After earning a master's degree at the University of Maryland, Crellin landed a job with the Bureau of Economic Analysis, the government office that estimates the nation's gross domestic product, trade deficit and other measures of economic health.

He spent three years there, then 14 months consulting. "I was a generalist at that point," Crellin remembers, but those jobs gave him his first taste of housing research, and he discovered he liked it.

"Real estate is an economic concept that really resonates with people," he says. "Homeownership is part of the American dream — even now, more so than people think."

It's partly about control, he says. "If you want to paint your bedroom purple, you can."

The National Association of Realtors hired Crellin as a research economist in Washington, D.C., in 1977. Back then there wasn't as much statistical information available about home sales or other real-estate matters, Crellin says, and during his 16 years at NAR he worked to develop more of it.

At the association he devised the Housing Affordability Index in the early 1980s to illustrate the impact mortgage-interest rates — stratospheric at the time — were having on homeownership.

The index measures affordability by tracking changes in three big variables: family income, interest rates and home prices.

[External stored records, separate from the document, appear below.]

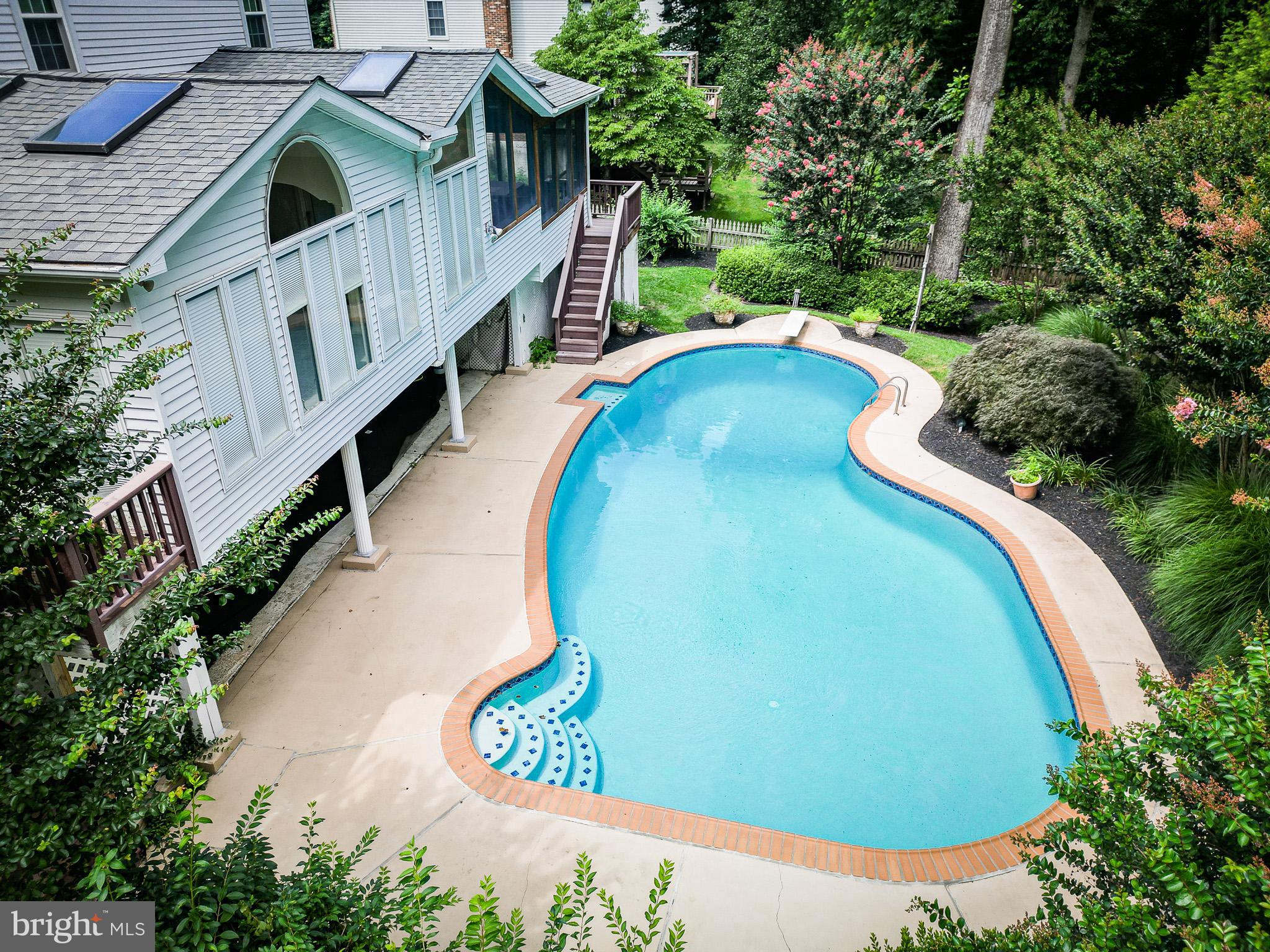 5002 CASTLE MOOR DRIVE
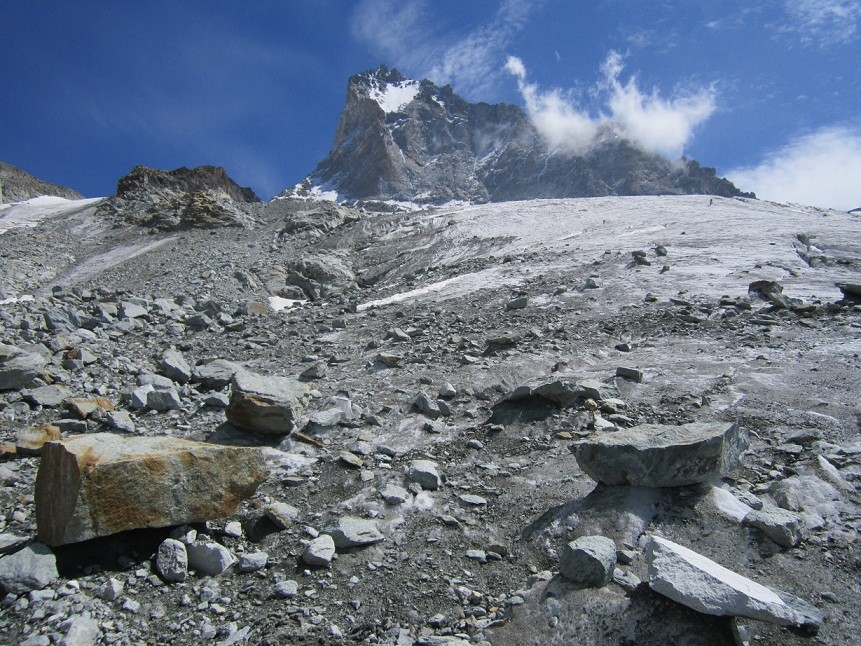 Marche d'approche sur le glacier par la langue droite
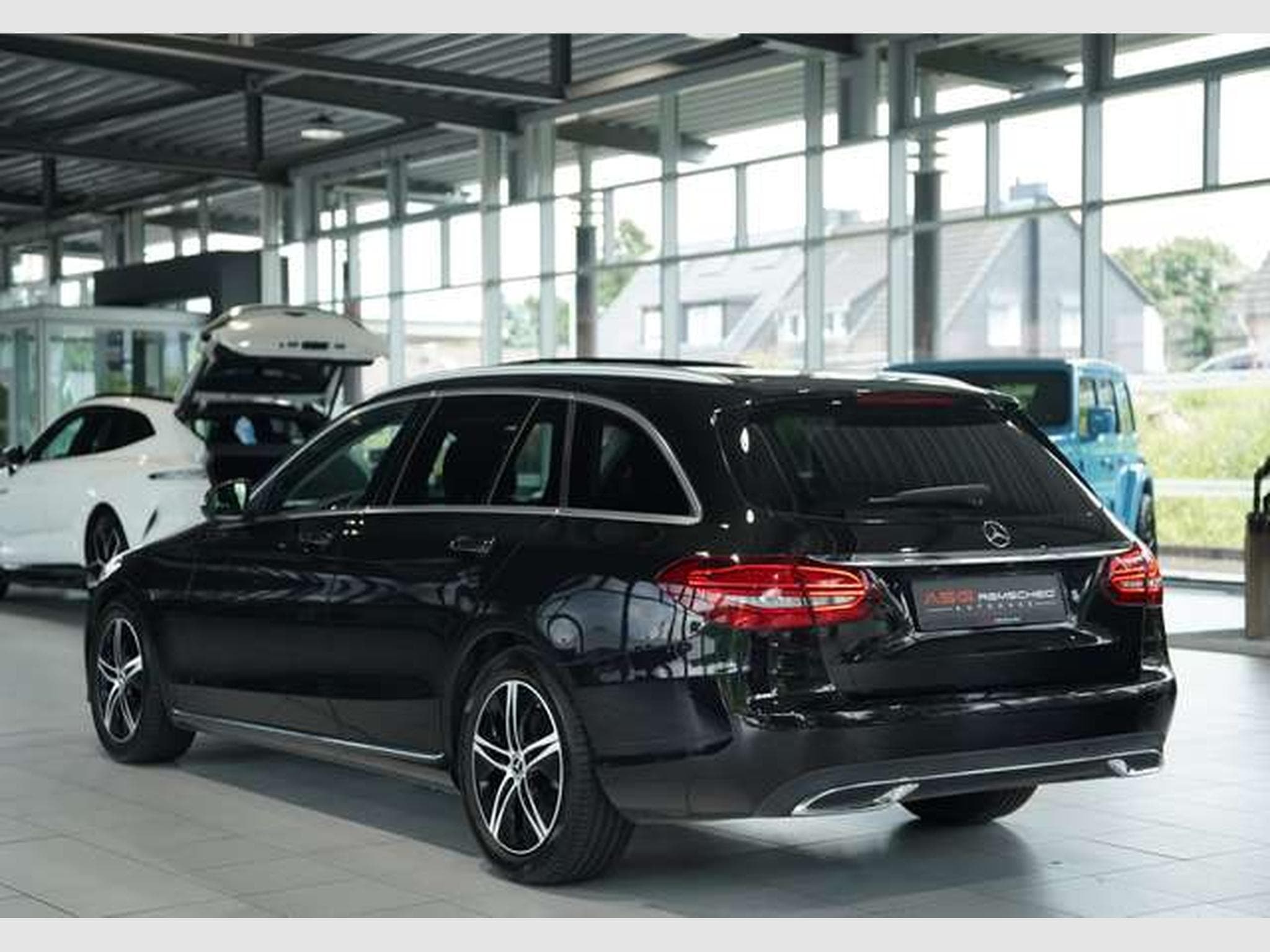 Mercedes C 220 d T Avantagarde *2.H *Wide*Leder*Pano*AHK (2021) - Photo 9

NAR was downsizing in the early 1990s just as Washington State University was looking for someone to head up its nascent real-estate research operation. So Crellin relocated from the Potomac to the Palouse.

Now home is an apartment on Queen Anne — the first time he's lived in a big city rather than a small town or suburb. But Crellin is no stranger to Seattle; he figures his real-estate work brought him to the city once a month on average during his years in Pullman.

When the Runstad Center's director, George Rolfe, approached him a year ago about merging the two universities' real-estate units, Crellin says he was receptive, in part because "it had gotten professionally lonely in Pullman."

The WSU faculty members who specialized in real-estate had all left and not been replaced, he says. He was spending most of his time teaching, and he enjoyed it, but that meant less time for research.

The move to UW "gave me an opportunity to have colleagues again," Crellin says.

He plans to do more research on condos and delve into commercial real-estate for the first time. That's been the Runstad Center's focus, while Crellin's work at WSU was almost exclusively residential.

There's a crying need for better commercial real-estate information, Rolfe says. Most market data — vacancies, rents — come from brokerages and is tailored to their clients. "Some are bullish, some less so," he says.

Rolfe hopes Crellin can develop authoritative information on the office, retail and industrial real-estate markets, then use it as a tool to help project where the local economy is headed. "Glenn brings us excellent applied research skills," Rolfe says.

"We need to provide better information to the industry that supports us, so they can make better decisions."

Seattle land-use economist Matthew Gardner, who has served on the boards of the WSU and UW centers, says the merger is logical and exciting.

"Glenn has provided a very valuable statewide perspective over the years," he says. "We can look forward to hearing more from him."

Crellin still is doing some teaching online for WSU as he transitions into his new post. But he's looking forward to devoting more of his time to research.

And, the digging doesn't stop when he goes home. One of his hobbies is genealogy.